Rebecca In Peril, and Only Captain Planet Can Save Her Now

​The Long Island flim-flam-fellow behind giving Rebecca her final curtain—or is it?!—has been arrested on Long Island. And here, perhaps, I should make some joke about Long Island already being a prison to begin with, but I'm feeling a bit lazy even for that kind of lazy humor. Onward we press—with the news!

"To carry out the alleged fraud, Hotton faked lives, faked companies and even staged a fake death, pretending that one imaginary investor had suddenly died from malaria," reiterated the United States Attorney Preet Bharara. "Ultimately, Hotton’s imagination was no match for the FBI which uncovered, with lightning speed, his alleged financial misdeeds."

Truly, the FBI should always be depicted as some kind of fraud-fighting superhero supergroup. If Preet Bharara were a member of the Captain Planet team, which one would he be? Fire, I bet. Seems like a fiery guy. And, I did not realize this, but the closing credits for that 90's classic start with the unbeatable credit, "Original Idea By: TED TURNER." Between Chipper, Cap'n P, and the Gulf War, the 90s were really Big Ted's decade, eh?

And a note to Mary E. Galligan, the acting assistant director of the New York FBI—fraud is not the only crime that is plaguing Broadway. The strip also has a terrible problem with belabored metaphors, and you are not helping!

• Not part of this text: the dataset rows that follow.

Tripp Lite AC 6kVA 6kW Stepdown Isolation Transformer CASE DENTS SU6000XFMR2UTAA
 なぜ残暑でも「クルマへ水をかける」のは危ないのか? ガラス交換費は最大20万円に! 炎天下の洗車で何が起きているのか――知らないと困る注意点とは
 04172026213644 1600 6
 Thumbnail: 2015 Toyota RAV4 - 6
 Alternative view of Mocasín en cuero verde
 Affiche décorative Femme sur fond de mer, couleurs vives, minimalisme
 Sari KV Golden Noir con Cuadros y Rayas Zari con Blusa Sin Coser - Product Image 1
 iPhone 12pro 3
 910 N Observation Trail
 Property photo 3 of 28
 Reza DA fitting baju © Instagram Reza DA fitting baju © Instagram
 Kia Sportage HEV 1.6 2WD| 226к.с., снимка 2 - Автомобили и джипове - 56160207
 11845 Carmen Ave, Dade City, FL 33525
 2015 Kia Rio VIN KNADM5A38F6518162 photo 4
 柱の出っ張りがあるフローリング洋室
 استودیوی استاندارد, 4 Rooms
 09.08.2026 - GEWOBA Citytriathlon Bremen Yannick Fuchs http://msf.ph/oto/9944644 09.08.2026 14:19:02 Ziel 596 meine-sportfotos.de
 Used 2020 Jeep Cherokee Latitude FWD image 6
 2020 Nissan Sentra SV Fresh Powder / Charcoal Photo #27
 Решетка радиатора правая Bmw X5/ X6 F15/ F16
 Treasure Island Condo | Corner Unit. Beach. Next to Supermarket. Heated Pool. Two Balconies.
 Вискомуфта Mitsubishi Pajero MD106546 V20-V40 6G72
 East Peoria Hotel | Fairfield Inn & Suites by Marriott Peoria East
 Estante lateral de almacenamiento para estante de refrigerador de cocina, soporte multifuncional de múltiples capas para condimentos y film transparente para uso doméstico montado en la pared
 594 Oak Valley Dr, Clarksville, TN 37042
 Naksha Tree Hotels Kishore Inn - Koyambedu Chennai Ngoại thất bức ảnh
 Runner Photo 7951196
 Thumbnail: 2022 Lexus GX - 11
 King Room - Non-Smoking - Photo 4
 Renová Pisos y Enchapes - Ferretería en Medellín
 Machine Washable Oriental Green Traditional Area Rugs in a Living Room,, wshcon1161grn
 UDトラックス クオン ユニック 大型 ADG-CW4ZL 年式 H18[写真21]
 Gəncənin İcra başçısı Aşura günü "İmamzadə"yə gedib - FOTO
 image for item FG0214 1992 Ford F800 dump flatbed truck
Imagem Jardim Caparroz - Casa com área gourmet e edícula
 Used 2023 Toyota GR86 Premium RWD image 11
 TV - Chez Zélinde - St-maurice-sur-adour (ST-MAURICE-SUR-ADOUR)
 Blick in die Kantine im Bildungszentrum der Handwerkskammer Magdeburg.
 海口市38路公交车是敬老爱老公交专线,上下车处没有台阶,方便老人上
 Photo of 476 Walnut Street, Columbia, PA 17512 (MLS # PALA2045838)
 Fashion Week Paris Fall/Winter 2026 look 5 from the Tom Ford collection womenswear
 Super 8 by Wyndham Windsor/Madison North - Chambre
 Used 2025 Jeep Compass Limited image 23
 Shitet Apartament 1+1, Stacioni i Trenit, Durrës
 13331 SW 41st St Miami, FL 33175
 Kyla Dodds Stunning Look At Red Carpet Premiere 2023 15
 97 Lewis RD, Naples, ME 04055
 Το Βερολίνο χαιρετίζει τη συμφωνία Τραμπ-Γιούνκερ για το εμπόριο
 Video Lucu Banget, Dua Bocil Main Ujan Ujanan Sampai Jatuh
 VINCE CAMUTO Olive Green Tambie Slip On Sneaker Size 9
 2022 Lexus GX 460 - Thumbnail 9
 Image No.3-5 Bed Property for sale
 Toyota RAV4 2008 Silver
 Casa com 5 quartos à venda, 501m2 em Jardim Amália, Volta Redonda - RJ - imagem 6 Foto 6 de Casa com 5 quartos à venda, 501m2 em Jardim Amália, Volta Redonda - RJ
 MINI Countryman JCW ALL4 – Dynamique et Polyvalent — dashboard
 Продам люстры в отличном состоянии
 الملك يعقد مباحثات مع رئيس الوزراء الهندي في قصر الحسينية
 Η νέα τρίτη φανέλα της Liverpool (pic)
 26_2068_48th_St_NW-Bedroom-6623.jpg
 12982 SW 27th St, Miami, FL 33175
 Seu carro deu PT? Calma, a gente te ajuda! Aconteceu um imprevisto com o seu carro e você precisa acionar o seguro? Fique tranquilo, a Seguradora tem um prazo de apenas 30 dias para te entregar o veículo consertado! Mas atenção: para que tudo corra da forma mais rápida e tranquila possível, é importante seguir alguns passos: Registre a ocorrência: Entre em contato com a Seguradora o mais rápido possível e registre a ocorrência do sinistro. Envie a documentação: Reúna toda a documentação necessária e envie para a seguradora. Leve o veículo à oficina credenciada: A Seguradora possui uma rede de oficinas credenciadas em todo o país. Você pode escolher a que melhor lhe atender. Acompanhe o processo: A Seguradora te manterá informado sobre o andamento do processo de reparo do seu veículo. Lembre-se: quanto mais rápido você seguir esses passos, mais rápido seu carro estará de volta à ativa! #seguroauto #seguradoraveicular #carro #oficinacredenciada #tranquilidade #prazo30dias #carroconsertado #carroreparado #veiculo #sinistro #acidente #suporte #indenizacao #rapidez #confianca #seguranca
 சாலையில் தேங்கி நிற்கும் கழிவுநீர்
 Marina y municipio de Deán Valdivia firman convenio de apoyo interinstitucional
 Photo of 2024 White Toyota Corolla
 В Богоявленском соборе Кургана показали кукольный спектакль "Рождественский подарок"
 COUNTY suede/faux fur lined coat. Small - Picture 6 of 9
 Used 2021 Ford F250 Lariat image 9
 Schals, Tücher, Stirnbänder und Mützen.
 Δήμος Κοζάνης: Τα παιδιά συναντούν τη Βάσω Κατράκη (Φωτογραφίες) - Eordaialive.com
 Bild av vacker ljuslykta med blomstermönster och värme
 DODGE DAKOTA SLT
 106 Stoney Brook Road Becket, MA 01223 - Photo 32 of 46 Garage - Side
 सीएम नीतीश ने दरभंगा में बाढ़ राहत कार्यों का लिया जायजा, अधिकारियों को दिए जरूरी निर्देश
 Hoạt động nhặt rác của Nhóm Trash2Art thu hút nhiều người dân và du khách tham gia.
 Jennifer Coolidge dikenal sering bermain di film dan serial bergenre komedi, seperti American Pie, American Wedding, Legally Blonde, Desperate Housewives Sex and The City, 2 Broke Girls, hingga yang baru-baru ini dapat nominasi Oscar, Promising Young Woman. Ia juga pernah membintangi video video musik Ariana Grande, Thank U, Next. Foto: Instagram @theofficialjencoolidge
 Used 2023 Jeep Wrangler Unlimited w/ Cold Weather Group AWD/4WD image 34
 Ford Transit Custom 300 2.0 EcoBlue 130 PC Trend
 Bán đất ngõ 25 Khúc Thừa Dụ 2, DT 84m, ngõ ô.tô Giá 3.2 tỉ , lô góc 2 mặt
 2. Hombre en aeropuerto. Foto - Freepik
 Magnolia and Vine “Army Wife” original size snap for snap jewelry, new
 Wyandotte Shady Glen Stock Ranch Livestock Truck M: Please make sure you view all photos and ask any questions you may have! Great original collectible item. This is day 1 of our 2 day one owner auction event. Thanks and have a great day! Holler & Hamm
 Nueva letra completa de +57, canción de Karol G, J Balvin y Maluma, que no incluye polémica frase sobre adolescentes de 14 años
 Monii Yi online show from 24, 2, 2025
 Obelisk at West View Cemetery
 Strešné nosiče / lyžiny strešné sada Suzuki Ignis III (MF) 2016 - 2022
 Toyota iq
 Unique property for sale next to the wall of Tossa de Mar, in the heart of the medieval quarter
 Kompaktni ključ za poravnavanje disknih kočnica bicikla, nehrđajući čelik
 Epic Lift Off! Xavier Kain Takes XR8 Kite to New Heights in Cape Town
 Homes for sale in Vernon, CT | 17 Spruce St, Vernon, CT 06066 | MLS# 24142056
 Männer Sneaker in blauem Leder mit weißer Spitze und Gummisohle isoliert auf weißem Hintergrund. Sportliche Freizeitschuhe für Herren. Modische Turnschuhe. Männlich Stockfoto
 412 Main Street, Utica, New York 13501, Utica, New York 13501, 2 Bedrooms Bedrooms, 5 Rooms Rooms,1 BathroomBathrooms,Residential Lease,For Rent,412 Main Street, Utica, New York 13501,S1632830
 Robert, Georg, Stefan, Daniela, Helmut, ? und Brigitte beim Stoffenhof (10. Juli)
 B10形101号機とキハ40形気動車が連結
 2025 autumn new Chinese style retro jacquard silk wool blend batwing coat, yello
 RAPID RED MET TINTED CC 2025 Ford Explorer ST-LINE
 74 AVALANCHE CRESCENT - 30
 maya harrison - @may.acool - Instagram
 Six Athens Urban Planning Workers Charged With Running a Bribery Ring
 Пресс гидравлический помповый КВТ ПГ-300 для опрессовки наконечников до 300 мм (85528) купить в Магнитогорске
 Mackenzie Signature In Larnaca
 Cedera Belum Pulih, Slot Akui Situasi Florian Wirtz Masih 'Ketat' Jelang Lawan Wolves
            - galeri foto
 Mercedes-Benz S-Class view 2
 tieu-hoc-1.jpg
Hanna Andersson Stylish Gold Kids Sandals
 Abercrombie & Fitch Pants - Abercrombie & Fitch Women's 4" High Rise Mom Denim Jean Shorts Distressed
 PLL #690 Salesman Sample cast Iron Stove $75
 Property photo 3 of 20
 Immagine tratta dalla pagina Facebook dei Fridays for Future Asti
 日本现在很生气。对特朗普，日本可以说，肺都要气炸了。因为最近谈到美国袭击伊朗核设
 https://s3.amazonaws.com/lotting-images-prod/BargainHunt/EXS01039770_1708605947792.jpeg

Ms. Galligan said  Mr. Hotton “wrote, directed and starred in the work of fiction he took to Broadway,” adding that a “convincing portrayal on stage can earn you a Tony” while “a convincing act that fleeces a production’s backers can earn you a prison term.” 

The Times piece ends with a quote from Ben Sprecher's beleaguered lawyer, who insists his client is "totally committed to bring Rebecca to New York." Poor, poor Ben Sprecher. Totally committed may be the right phrase.

Off Broadway And The Five Decade Headache

I'm planning a long post for either later in the week or later today about the history of the term "off off Broadway," and the fact that it is an indisputably awful mouthful. Look forward to it—my trenchant analysis and amateurish research will both amuse and disgust you.

In the meantime, I turned up a May 5, 1957 Times article which appears to be the first time the paper used the term. At the end of a long article complaining about the woes of Off Broadway producers:

One steady observer of off Broadway drama suggested that what was needed was off-off Broadway. As a matter of fact, there is a troupe that calls itself the "Way Off Broadway Players."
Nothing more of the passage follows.